This study provides evidence that patients adherent with patiromer use more RAASi than lower-adherence patients. Prior studies show RAASi use reduces mortality risk and kidney disease progression.

Key Words: Renin-angiotensin aldosterone system inhibitors; Patiromer; Adherence; Hyperkalemia; Proportion of days covered

Core Tip: Increased use and optimal dosing of guideline-recommended renin-angiotensin aldosterone system inhibitors (RAASi) improve patient outcomes in patients with heart failure, chronic kidney disease, and diabetes. However, RAASi use is also associated with increased occurrence of high potassium levels (hyperkalemia). Patiromer is indicated for the treatment of hyperkalemia, and patients taking patiromer are better able to tolerate optimal doses of RAASi than patients not taking patiromer. In this United States study from 2014 to 2019, 3323 patients who were more adherent with patiromer proportion of days covered > 80% used more RAASi than 10124 patients who were less adherent with patiromer (proportion of days covered ≤ 80%).

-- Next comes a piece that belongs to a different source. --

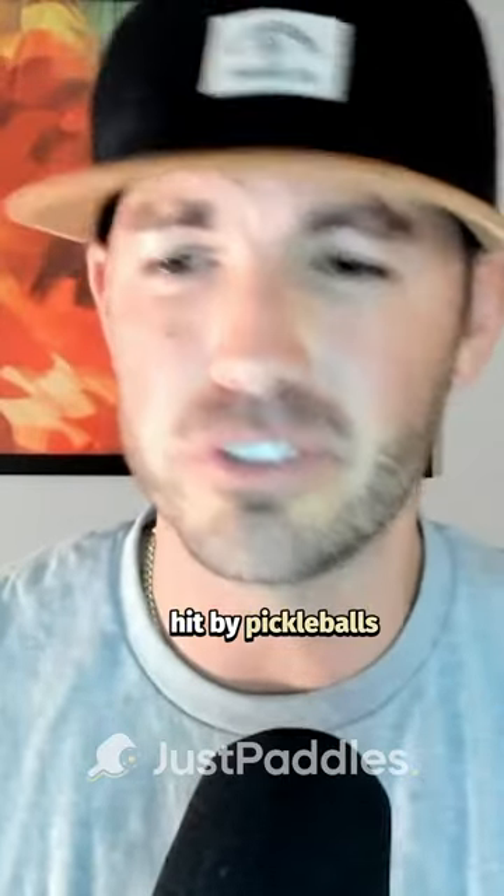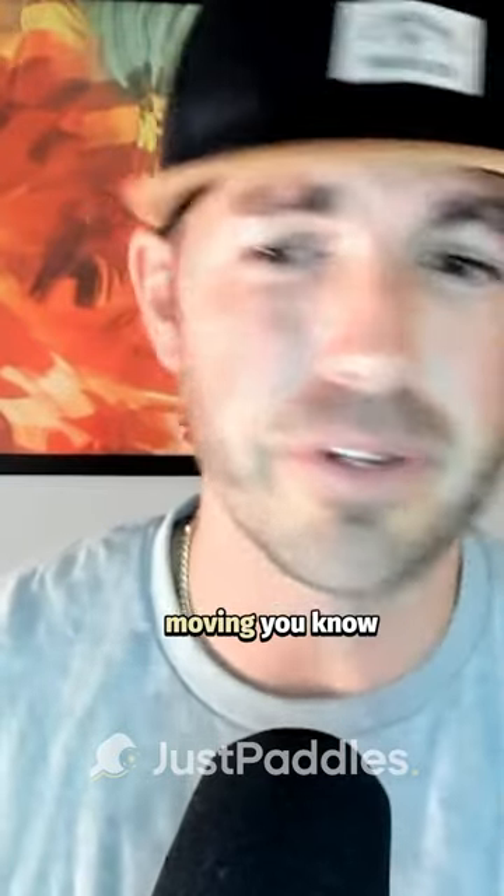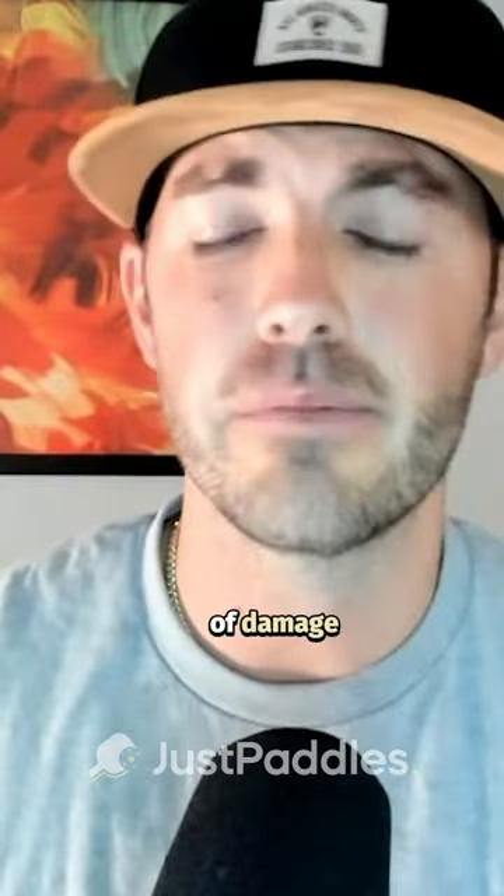Let's chat about pickleball eyewear. With recent events of pros getting hit by pickleballs, you see pictures and videos all the time of people getting hit. A pickleball moving 40, 50, 60 miles an hour can do a lot of damage.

Citation: Kleinman N, Desai T, Thakar C. Long-term patiromer adherence and renin-angiotensin aldosterone system inhibitor utilization: A retrospective study. World J Nephrol 2026; 15(1): 113599
URL: https://www.wjgnet.com/2220-6124/full/v15/i1/113599.htm
DOI: https://dx.doi.org/10.5527/wjn.v15.i1.113599

INTRODUCTION

Renin-angiotensin aldosterone system inhibitors (RAASi) have been shown to reduce mortality risk in patients with heart failure (HF), and slow progression of chronic kidney disease (CKD), particularly in those with diabetes mellitus and albuminuria[1-5]. RAASi are also among the most common medications used to treat hypertension, to reduce proteinuria in non-diabetic kidney disorders, and to reduce the risk of cardiovascular events including stroke[6,7]. RAASi medications include the following subcategories: Angiotensin-converting enzyme inhibitors (ACEi), angiotensin-receptor blockers (ARB), mineralocorticoid receptor antagonists (MRA), and direct renin inhibitors (DRi)[8]. These types of RAASi medications, particularly ACEi and ARB, are widely accessible to patients and commonly prescribed by physicians. ACEi have also been available in generic formulations since the 1990s, and starting in 2010 most ARB became available as generic medications as well[9]. Generic forms of MRA and DRi are also available[10,11].

The extensive benefits from uninterrupted RAASi use are widely accepted, yet occurrence of hyperkalemia remains a major barrier in initiation or continuation of therapy. Hyperkalemia is an electrolyte imbalance, which when severe can be life-threatening[12]. Hyperkalemia is more commonly associated with a greater comorbidity burden[13]. Occurrence of hyperkalemia is relatively more common in patients with CKD, HF, or diabetes making it challenging to provide RAASi to those who need it the most[6,12,14-17]. An estimated 10%-38% of hospitalized patients receiving ACEi can experience hyperkalemia during the hospitalization, and almost 10% can experience severe hyperkalemia within one year of hospitalization[17]. One in three patients with either CKD or HF will also experience hyperkalemia, and the risk continues to increase with progressive severity of these comorbid conditions[12,18].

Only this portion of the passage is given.